En 1973, después de un accidente de tránsito que diezmó al PDP, formó parte del mayor triunfo en Rafaela: la intendencia. Él asumió como concejal. La dictadura lo dejó sin trabajo.

No quiso volver con el regreso de la democracia: estaba muy dedicado al campo. Pero en el ’91, lo fueron a buscar y aceptó. “Hasta ese momento habían sido concejales Armando Borgna, Ricardo Gerbaudo, Lito Negro, Juan Carlos Borio, Edelso Gunzinger y Norma Beltramone. En el ´91, Oscar Ferpozzi era el candidato a Intendente y yo, a concejal, puesto que al que terminé accediendo y lugar en donde estuve hasta 2013 (con una interrupción breve, por una afección cardíaca)”, dijo. Fueron en total 25 años como concejal. “Todo tiene su fin, creo que había cumplido un ciclo, que cumplí con lo que me había pedido el partido. Hoy trato de ayudar desde afuera, lo más que puedo”, comentó hace 6 años.

En diciembre de 2001, en una decisión polémica (único representante del PDP), asume la presidencia del Concejo Municipal. En junio de 2002, debió renunciar por una dolencia cardíaca. “Casi me costó la vida. No era fácil manejar el Concejo en esa época.
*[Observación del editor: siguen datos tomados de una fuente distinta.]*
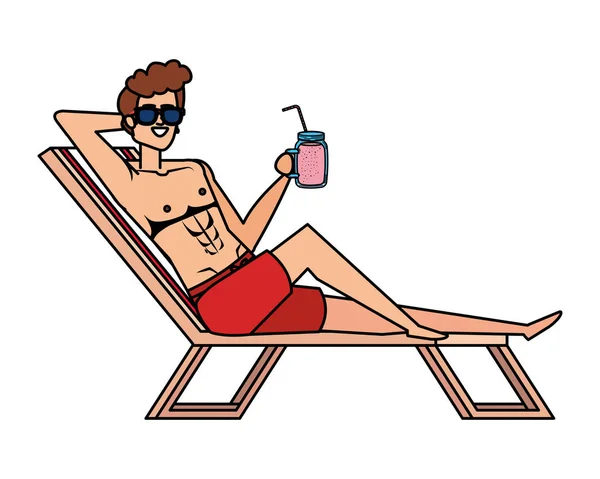 Jovem relaxante na cadeira de praia beber suco de frutas —  Vetores de Stock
Tampoco debe serlo ahora, no lo sé”.

La austeridad fue siempre uno de sus puntos principales: en sus inicios insistía en que los ediles no tenían que tener secretarios. De hecho, él careció de uno hasta el ’94 y hacía toda la tarea legislativa por su cuenta.

EL TEATRO

Es la última de sus pasiones. La que lo sigue poniendo en la faz pública, pero ahora, como actor.

“Al piamontés no lo hablaba más. Salvo con Aldo Camusso, en el Concejo. Mi prima, Norma Bruno, me invitó a participar de unas clases de piamontés. Empezamos a leer libros. ¡Cómo se me complicó cuando lo vi escrito!”, se ríe.

Un día, Orlando Pérez Manasero se envalentona con hacer una obra de teatro en piamontés. Hasta la escribe: “La bagna cauda spatara”. “Era íntegramente en piamontés. Había que afinar el léxico. Y ahí nos dimos cuenta de quiénes eran los que lo habían hablado de chico, porque mantenían la fonética de los abuelos. Salió perfecta y todos los años preparamos una. Ahora, estrenamos el 18 de noviembre: ‘La cittá’, también escrita por Pérez Manasero, pero con una diferencia: hay una parte en castellano, para que la gente se vaya interiorizando”.

El 17 de agosto de 2017 fue declarado por el Concejo Municipal como “Rafaelino distinguido”. Recibió el reconocimiento de la política.